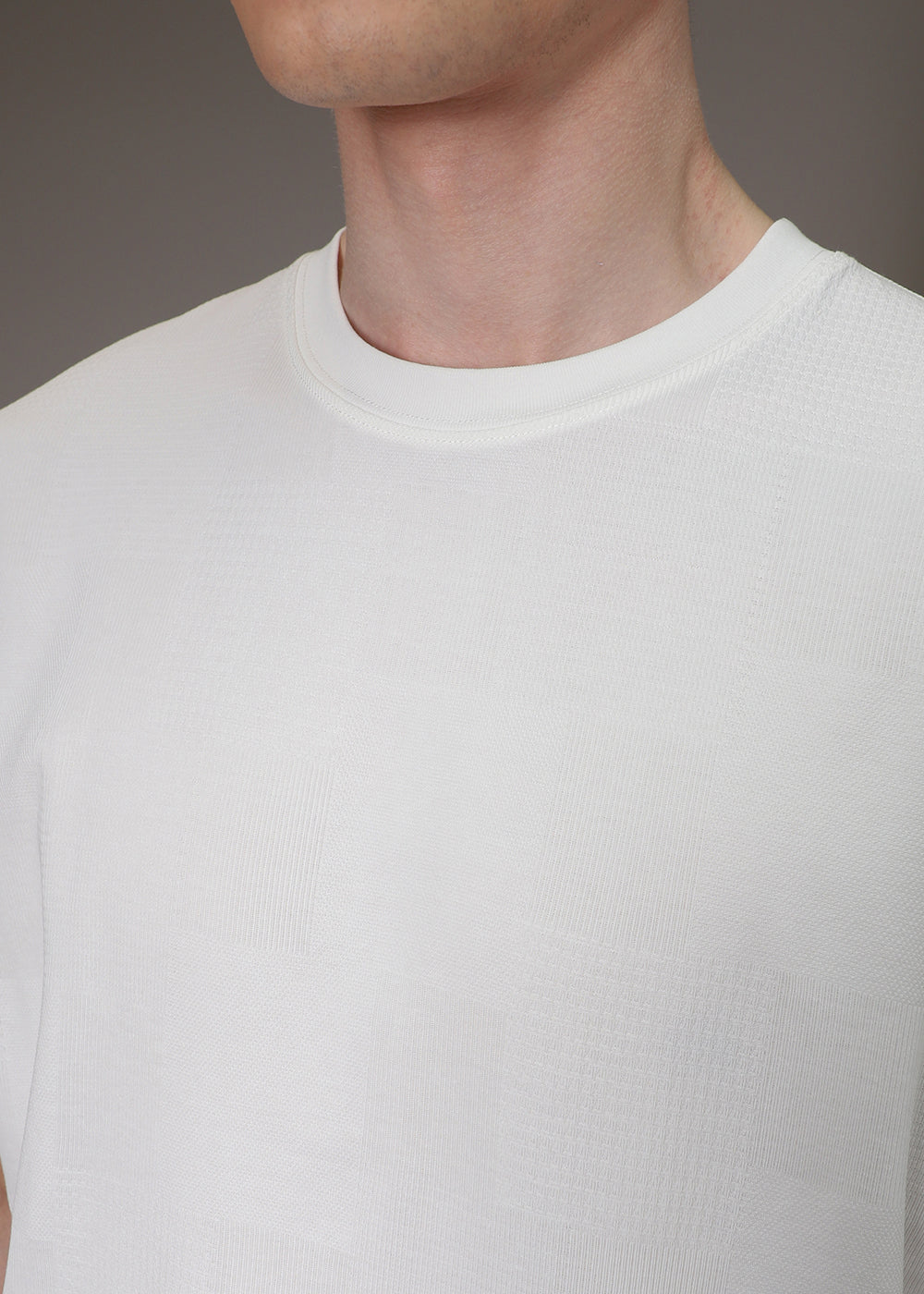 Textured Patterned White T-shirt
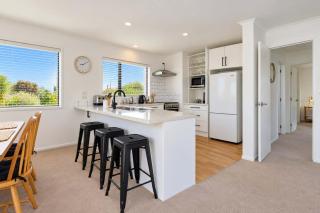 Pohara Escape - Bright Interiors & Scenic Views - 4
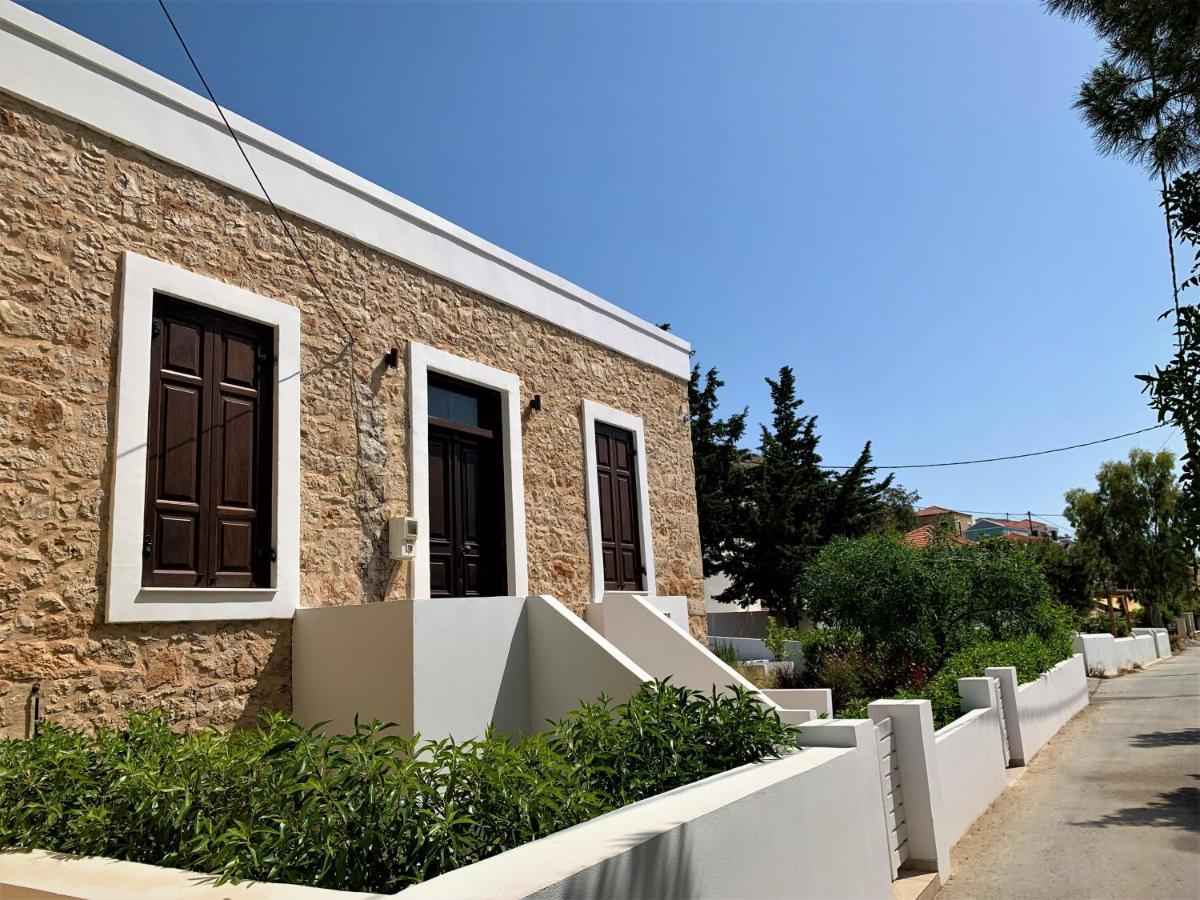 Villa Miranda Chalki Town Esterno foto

...

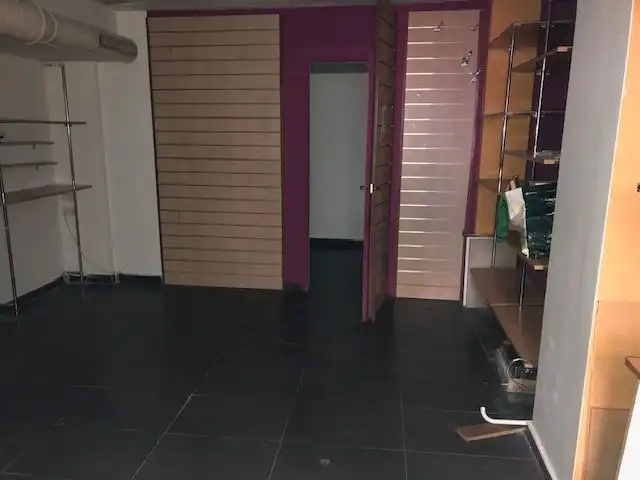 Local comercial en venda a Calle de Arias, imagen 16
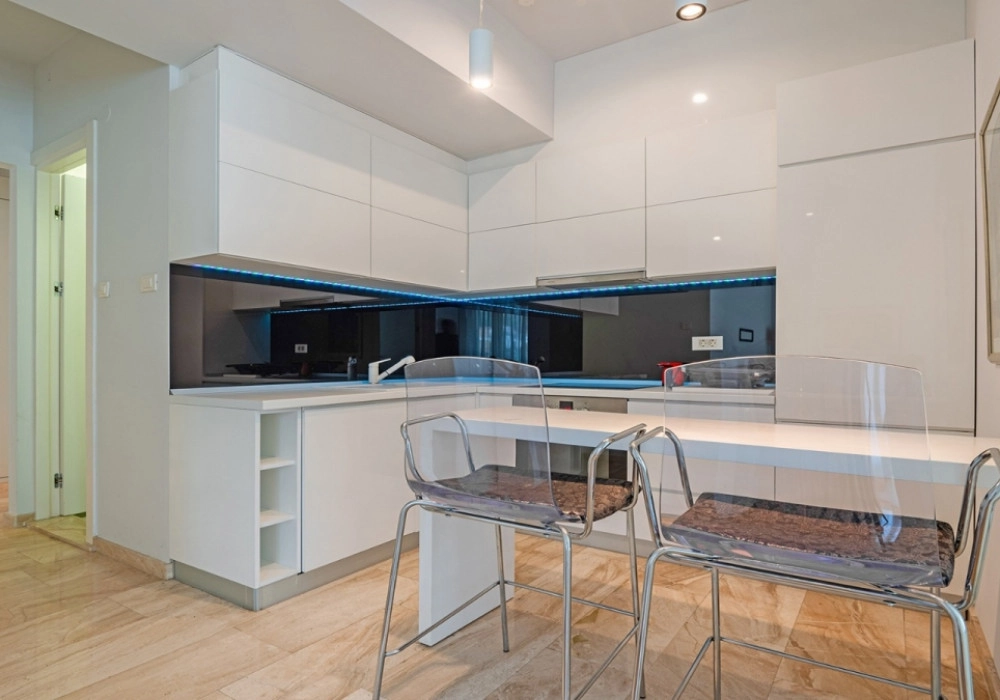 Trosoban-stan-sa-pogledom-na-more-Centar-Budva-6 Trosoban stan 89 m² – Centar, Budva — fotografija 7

--

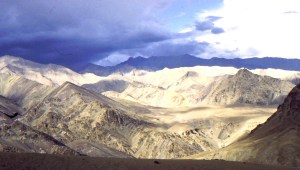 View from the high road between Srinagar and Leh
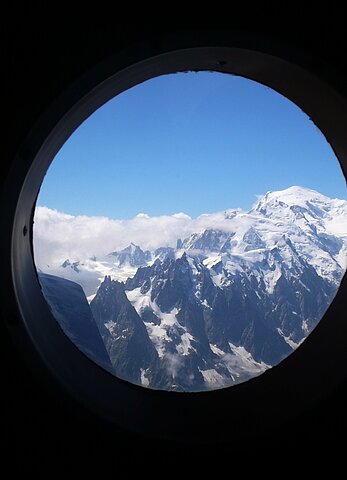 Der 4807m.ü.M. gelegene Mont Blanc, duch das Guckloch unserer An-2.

### Instructions for the task
What is wanted is an exact copy of the lines above from the one containing "Textured Patterned White T-shirt" through the one containing "Villa Miranda Chalki Town Esterno foto", with no pictures in it.

### Output of the exercise
 Textured Patterned White T-shirt
 Pohara Escape - Bright Interiors & Scenic Views - 4
 Villa Miranda Chalki Town Esterno foto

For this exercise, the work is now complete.